» **Given entries**
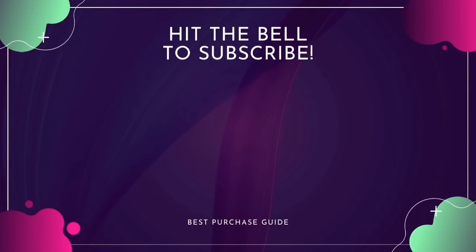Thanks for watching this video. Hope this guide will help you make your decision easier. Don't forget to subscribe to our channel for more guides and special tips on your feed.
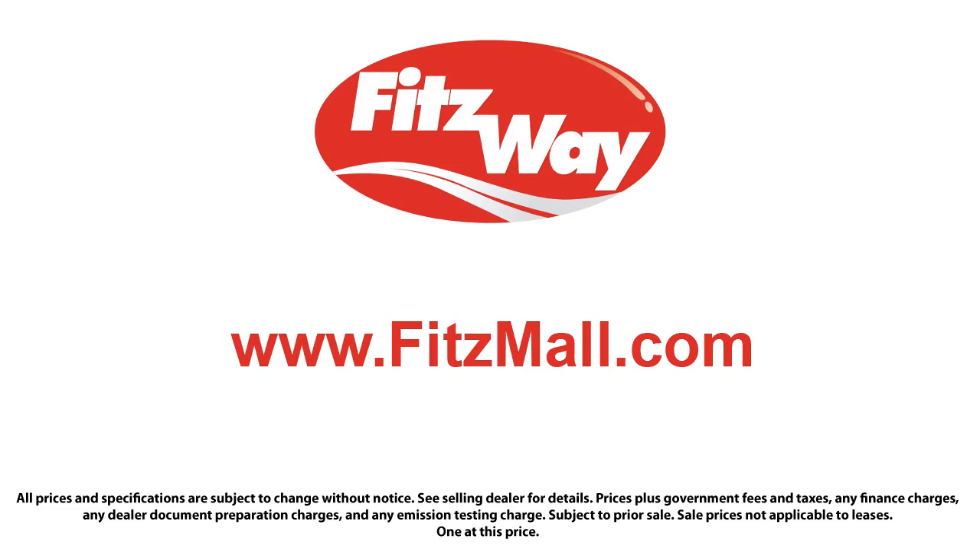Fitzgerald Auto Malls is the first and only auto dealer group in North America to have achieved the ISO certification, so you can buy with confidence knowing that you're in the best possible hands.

...

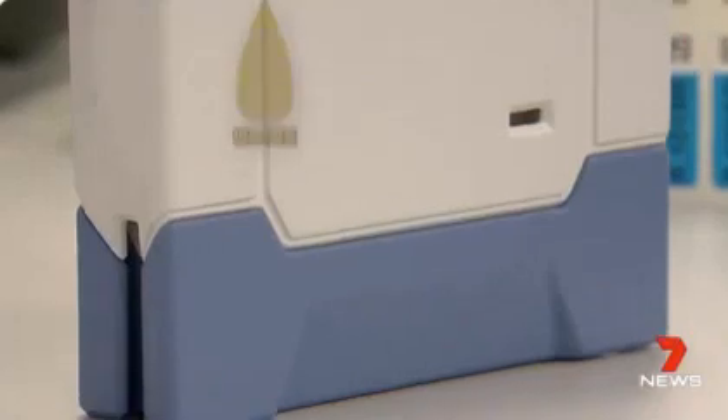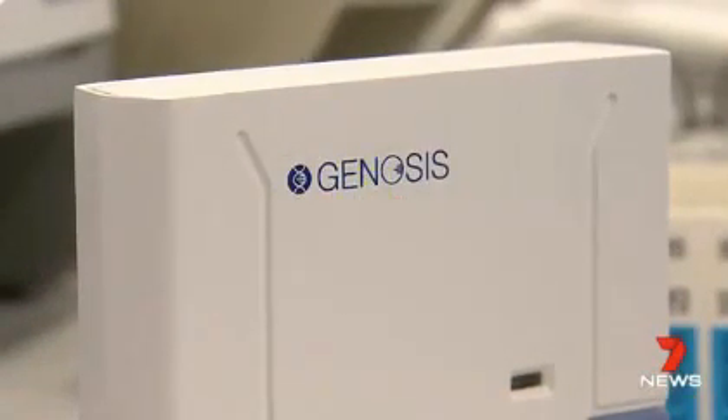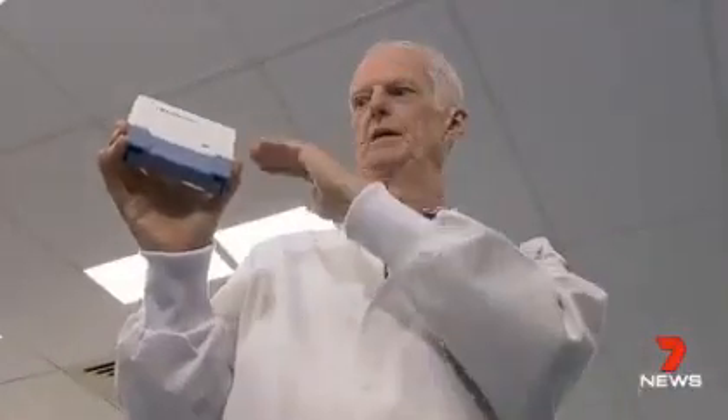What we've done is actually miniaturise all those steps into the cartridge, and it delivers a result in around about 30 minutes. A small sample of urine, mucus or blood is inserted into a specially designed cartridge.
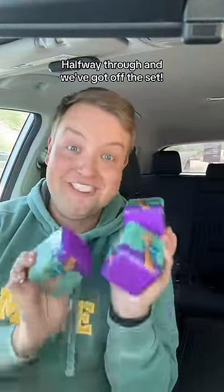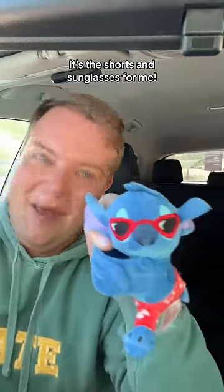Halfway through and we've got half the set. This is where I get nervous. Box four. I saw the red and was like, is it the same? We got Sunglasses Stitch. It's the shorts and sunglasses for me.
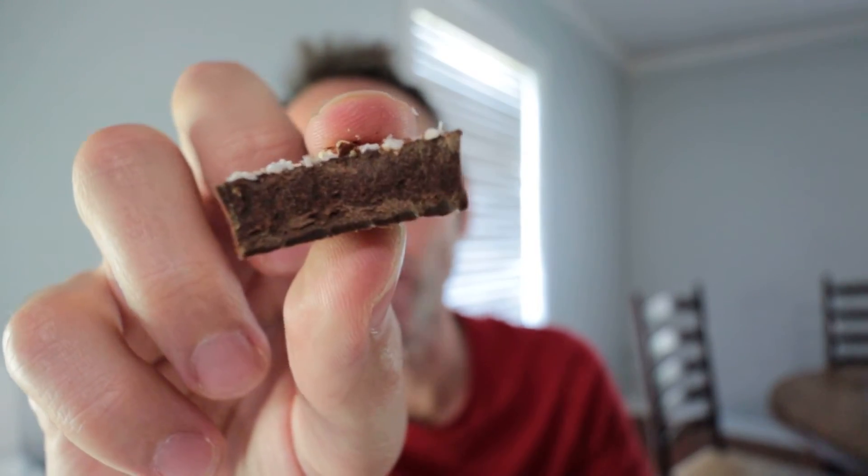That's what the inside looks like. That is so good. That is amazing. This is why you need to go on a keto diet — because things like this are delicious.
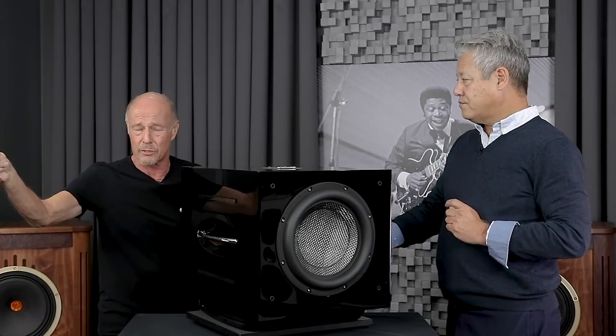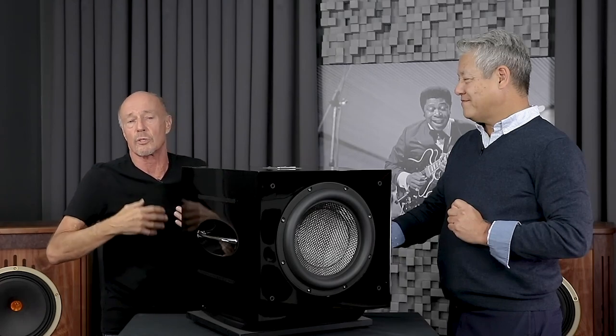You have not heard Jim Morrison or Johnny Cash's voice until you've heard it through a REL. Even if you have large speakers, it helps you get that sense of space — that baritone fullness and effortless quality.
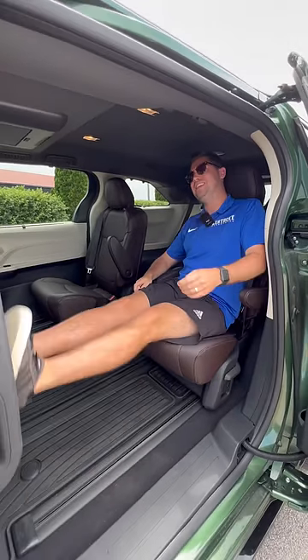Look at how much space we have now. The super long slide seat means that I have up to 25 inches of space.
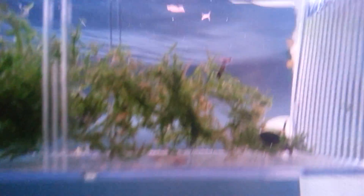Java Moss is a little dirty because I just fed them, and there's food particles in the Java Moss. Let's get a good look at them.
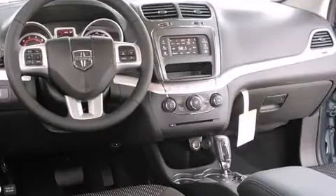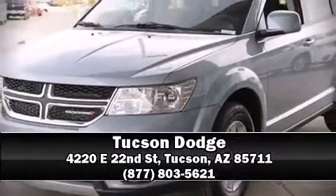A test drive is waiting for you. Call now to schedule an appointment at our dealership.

» **What is required**
From the records above, output only the lines starting at the one containing "Thanks for watching" and ending at the one containing "Fitzgerald Auto Malls", word for word. Pictures stay out.

» **Worked solution**
Thanks for watching this video. Hope this guide will help you make your decision easier. Don't forget to subscribe to our channel for more guides and special tips on your feed.
Fitzgerald Auto Malls is the first and only auto dealer group in North America to have achieved the ISO certification, so you can buy with confidence knowing that you're in the best possible hands.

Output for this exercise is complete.